No entanto, verificou-se que a utilização do sorbato de potássio, o mais comum dos antimicrobianos utilizados em alimentos, não funcionou como se pretendia, pois, além de liberá-lo rapidamente, o filme não apresentava as propriedades e as características desejadas.
Mariana conta que o sucesso foi alcançado quando passaram a utilizar como antimicrobiano o produto natural natamicina e metade da concentração máxima de quitosana (17,5%) na mistura. A natamicina provavelmente interage com a quitosana apresentando liberação mais lenta, conforme desejavam. A utilização de 35% de quitosana, na mistura, levou a filmes de cor amarelada que apresentaram algumas deformações e fissuras, fatores que dificultam o controle da liberação do antimicrobiano.
Extrapolando os resultados, o professor Theo está convencido de que utilizando 20% de quitosana se conseguirá uma liberação ainda mais lenta, mantendo-se no filme as características desejadas quanto à solubilidade menor em água, resistência mecânica e quanto ao resultado com o emprego da natamicina que foi surpreendente quanto à baixa velocidade de liberação.
Estes ensaios não foram realizados por Mariana durante a pesquisa por limitação de tempo, pois a idéia da utilização da natamicina surgiu quando os trabalhos já iam adiantados. A propósito, o orientador considera que o emprego da natamicina constituiu o grande achado, e surgiu de um trabalho realizado em Minas Gerais que mostra a utilização da substância na conservação de queijos. Ele considera que a transposição dos resultados do laboratório para a indústria demanda ainda um longo caminho.
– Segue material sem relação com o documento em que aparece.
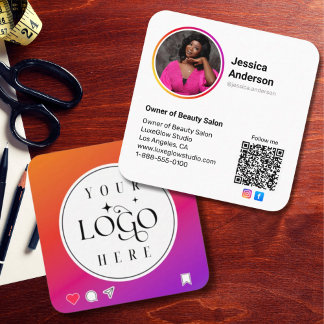 Tarjeta De Visita Cuadrada Logo and QR Code Instagram style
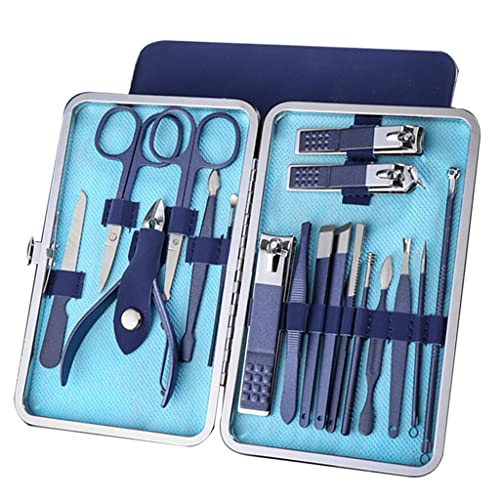 18-Piece Professional Nail Pedicure Tools Set - Portable Travel Hygiene Kit with Nail Clippers, Cuticle Pusher & Manicure Tools (Blue) - Perfect for Home, Salon & On-the-Go Nail Care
O professor Theo pretende na seqüência obter filmes de alginato com outros polímeros, como a pectina, com vistas a contornar o problema do alginato que gera filmes resistentes, duros, mas de pouca plasticidade, com o objetivo de conseguir propriedades adequadas quanto à resistência, solubilidade e capazes de liberarem antimicrobianos com a velocidade adequada.